Sprachen unterscheiden sich etwa in ihrer Verzweigungsrichtung, d. h., in typischen Rechtsverzweigungssprachen wie Italienisch steht der Satzkopf normalerweise an erster Stelle, gefolgt von einer Abfolge von Modifikatoren, die zusätzliche Informationen über den Kopf liefern (Beispiel: Der Mann, der an der Bushaltestelle saß), während in Linksverzweigungssprachen wie etwa Japanisch Modifikatoren im Allgemeinen den Köpfen vorangehen (Beispiel: Wer an der Bushaltestelle saß, der Mann).
Das bedeutet: In Rechtsverzweigungssprachen können Sprecher Informationen in der Reihenfolge verarbeiten, wie sie im Satz vorkommen, da Köpfe zuerst angezeigt werden und Modifikatoren Satzanalyse-Entscheidungen nur selten beeinflussen. Im Gegensatz dazu können die Strukturen von Linksverzweigungssprachen bis zum Ende sehr vieldeutig sein, da am Satzanfang stehende Modifikatoren oft erst nach der Analyse des Satzkopfes eine klare Bedeutung bekommen. Daher müssen Sprecher einer Linksverzweigungssprache möglicherweise am Anfang eines Satzes stehende Modifikatoren im Arbeitsgedächtnis behalten, bis der Kopf des Satzes zum Verständnis hinzugezogen wird.

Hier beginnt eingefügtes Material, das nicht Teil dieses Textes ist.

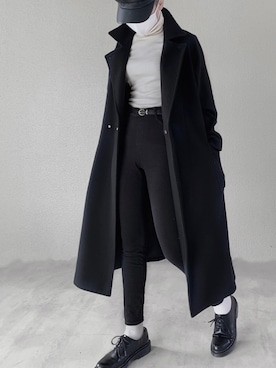 Tさん(レディース・165cm)の冬コーディネート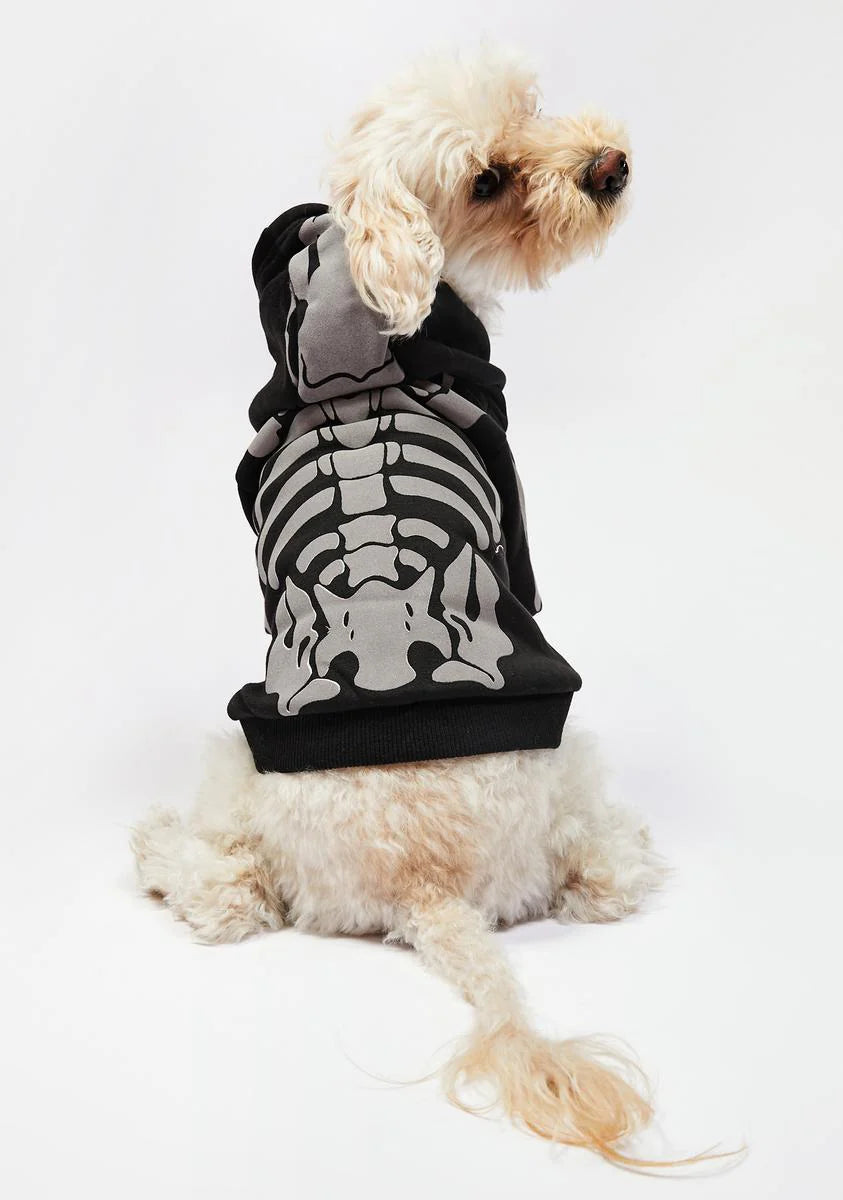 Throw Me A Bone Pet Hoodie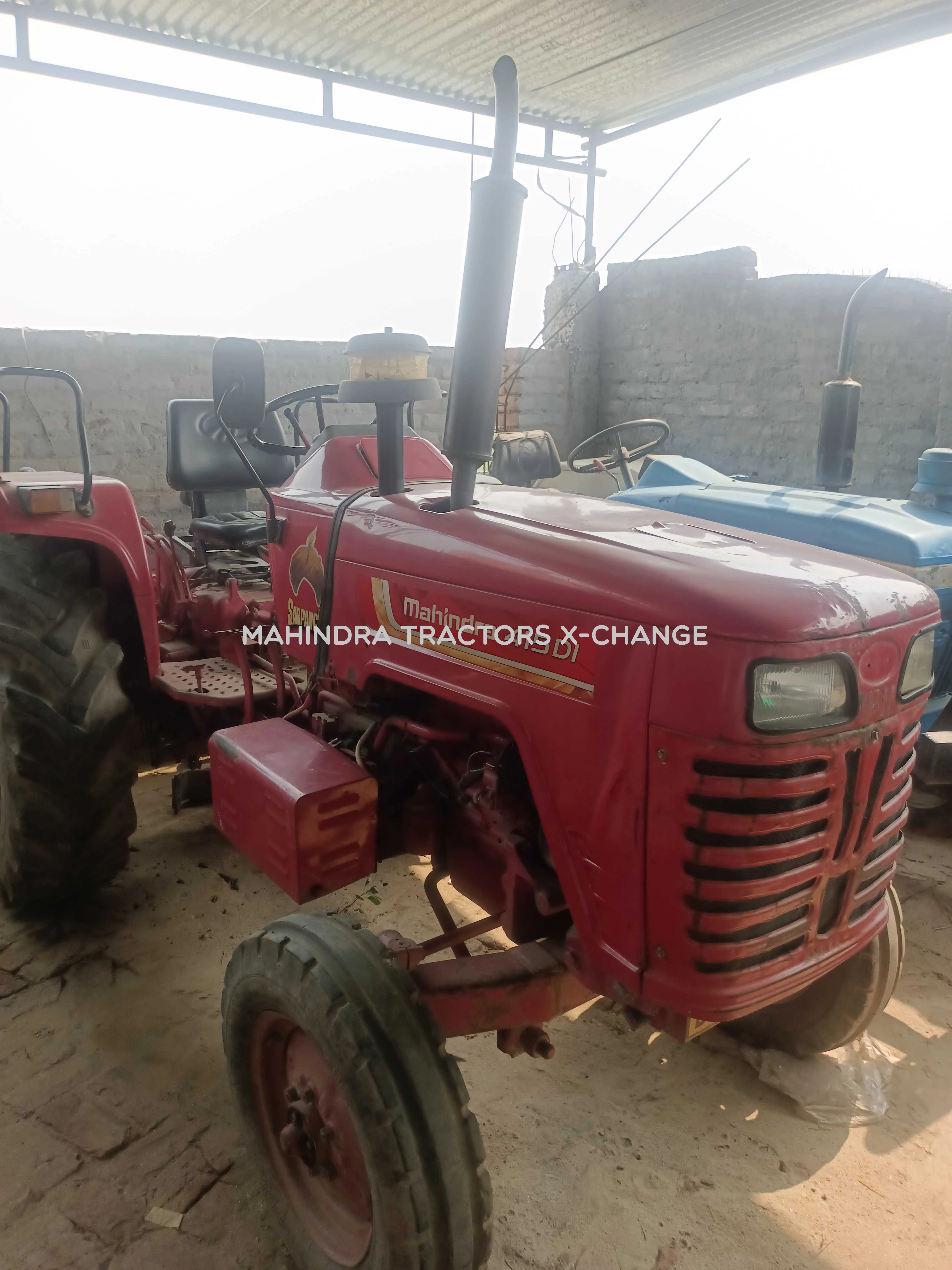 2016 Mahindra 415 DI Sarpanch-4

In den Gedächtnistests zeigte sich, dass sich Sprecher linksverzweigter Sprachen bei verbalen und nicht verbalen Arbeitsgedächtnisaufgaben besser an anfängliche Reize erinnern können, weil das gewöhnliche Verstehen von Sätzen in Linksverzweigungssprachen in Echtzeit sehr stark davon abhängt, sich Informationen zu merken, die am Anfang stehen, was in Rechtsverzweigungssprachen nicht der Fall ist.

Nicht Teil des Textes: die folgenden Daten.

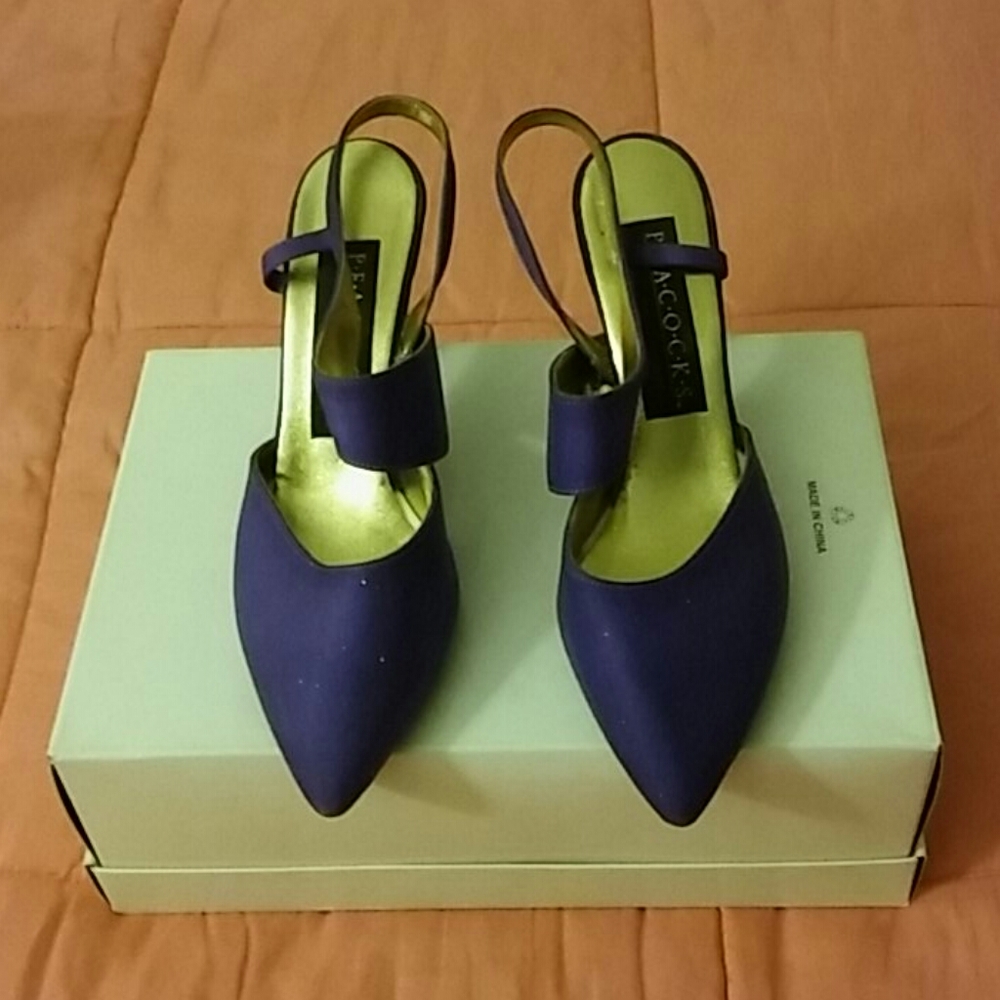 Women's Purple Heels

Offenbar ist eine Verbindung zwischen Sprache und Denken nicht nur auf konzeptuelle Repräsentationen und semantische Deutungsmöglichkeiten beschränkt, sondern erstreckt sich auch auf die Syntax und ihre Rolle bei der Verarbeitung sequentieller Informationen. Die Sprache, die Menschen sprechen, beeinflusst also die Art, wie sie Informationen verarbeiten, speichern und abrufen.
Literatur
Amici, Federica, Sánchez-Amaro, Alex, Sebastián-Enesco, Carla, Cacchione, Trix, Allritz, Matthias, Salazar-Bonet, Juan & Rossano, Federico (2019). The word order of languages predicts native speakers’ working memory. Scientific Reports, doi:10.1038/s41598-018-37654-9.